The Ministry of Education and Microsoft have an arrangement whereby all public
schools have free access to Office 365 for Education, including online
versions of Word, Excel, PowerPoint; Teams as a replacement for Classroom;
Forms as a replacement for … well, forms; PowerApps and Flow as a replacement
for App Maker; and five free licences per student for the desktop and mobile
versions of Office.

To sweeten the deal, the revised deal that started this year also grants all
schools free licences for Minecraft: Education Edition. This is pretty huge at
the moment, since the zeitgeist is calling for learning through play, and
Minecraft: Education Edition also includes some programming tools, useful for
implementing the new Digital Technologies curriculum introduced this year and
mandatory by 2020.

Microsoft also provides free professional development to schools, including
staff members and IT administrators.
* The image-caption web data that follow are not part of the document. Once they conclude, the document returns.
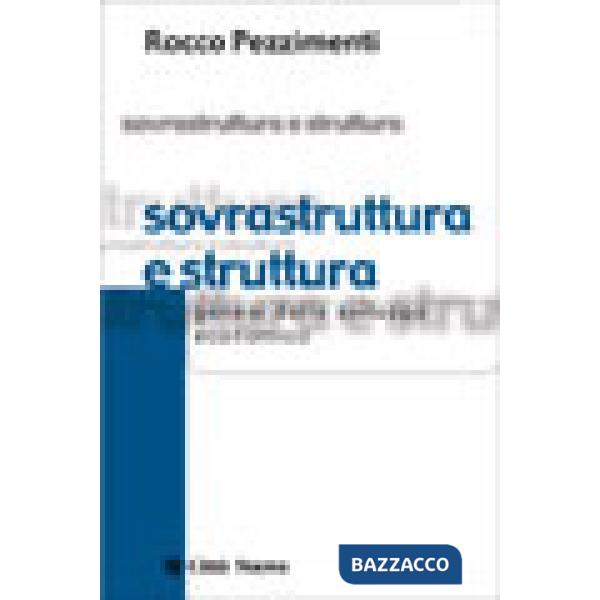 Sovrastruttura e struttura. Saggio sulla genesi dello sviluppo economico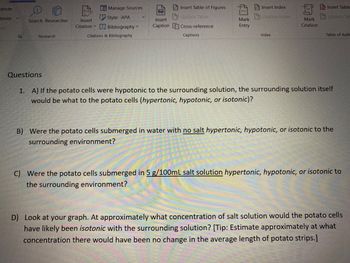 LE Manage Sources
Insert Table of Figures
Insert Index
Insert Table
Update Index
Update Tal
Mark
Style: APA
Bibliography
Insert
Caption
Update Table
Cross-reference
Captions
Citation
F
Citations & Bibliography
Index
Table of Auth
Questions
1. A) If the potato cells were hypotonic to the surrounding solution, the surrounding solution itself
would be what to the potato cells (hypertonic, hypotonic, or isotonic)?
B) Were the potato cells submerged in water with no salt hypertonic, hypotonic, or isotonic to the
surrounding environment?
C) Were the potato cells submerged in 5 g/100mL salt solution hypertonic, hypotonic, or isotonic to
the surrounding environment?
D) Look at your graph. At approximately what concentration of salt solution would the potato cells
have likely been isotonic with the surrounding solution? [Tip: Estimate approximately at what
concentration there would have been no change in the average length of potato strips.]
dnote
-tnote
tes
On
Search Researcher
Research
(-)
Insert
Citation
3
Mark
Entry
Schools that have always used Active
Directory to store staff and student user credentials are supported in moving
to Azure Active Directory, providing easier integration between user
credentials and Office 365.

So full, free replacements for G Suite; free Minecraft: Education Edition;
free professional development, and the online version of Office 365 is just as
usable on existing Chromebooks as any other device. On top of that, a lot of
schools are moving to iPads, and the Office apps for iOS beat the Google Docs
apps.

Microsoft has a few tricks up its sleeves, to say the least.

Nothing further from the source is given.